Я успел показать ей через плечо большой палец, она ответила тем же.
Впрочем, через два дня мы снова встретились на полянке, где вокруг кола на веревке ходила коза, и смущенно протянули друг другу согнутые мизинчики, что означало вечный мир.
А вечером я закатал рукав гимназической куртки и написал чернилами на своей руке буквы Н. З.-З. (Надя Заря-Заряницкая), и нарисовал сердце, пронзенное стрелой, — и долго ждал, пока высохнет.
На другой день я подарил Надьке половину своего фосфора, и она подобно мне обрела дар светиться в темноте».
Увы, мы так и не знаем, как выглядела Надя, Надежда Огонь-Догановская. именно она, по словам Евгения Ермиловича, была прототипом Заря-Заряницкой. Семья Огонь-Догановских тоже жила в Отраде на Отрадной, 12. Генерал-майор Иван Платонович Огонь-Догановский был судьей военно-окружного суда. Надя училась в гимназии Белен де Баллю. Евгений Ермилович смутно помнил, что вроде бы после революции семья эмигрировала.
Девочка на фотографии – тоже ученица гимназии Белен де Баллю Ксения Собецкая. Рядом с ней ее младший брат.
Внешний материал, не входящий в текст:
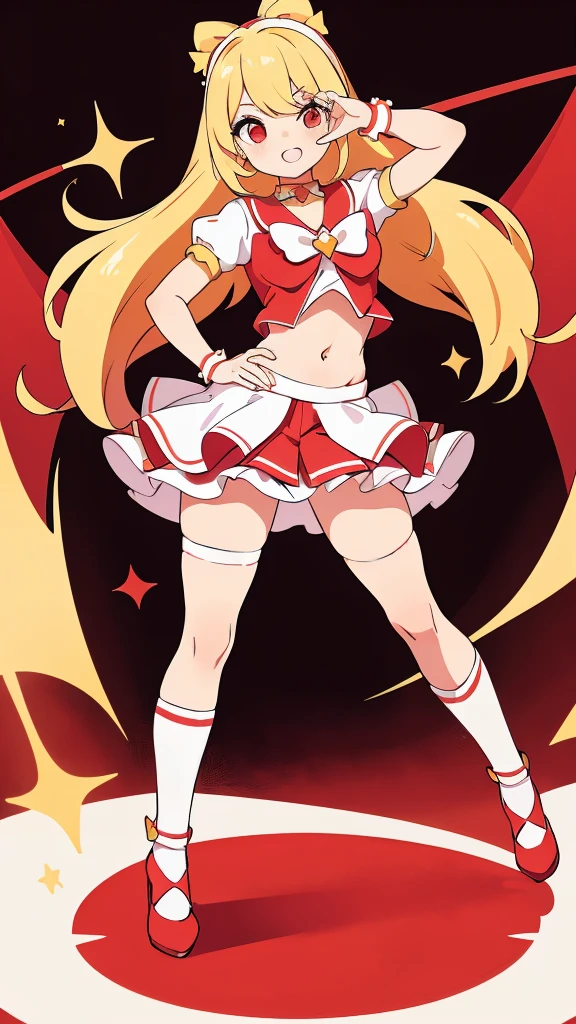 pop idol girl with a magical girl theme, blond hair, red eyes, her belly free idol outfit is colored red and white and made with an magical girl theme in mind, she is wearing matching thighigh socks and heels also made in a macical girl style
Отец, Иван Максимович, был капитаном первого ранга, владельцем фирмы «И. Собецкий и Ко». После революции семья осталась в Одессе, отец в тридцатые годы был арестован, сведений о ее судьбе нет.
Шесть ребят на фотографии во дворе одного из домов Отрады.
Нет уже этих ребят, нет и той Отрады, но остались книги, в которых они живы и счастливы, влюбляются и дерутся, книги, наполненные светом детства. Книги, написанные Валентином Петровичем Катаевым.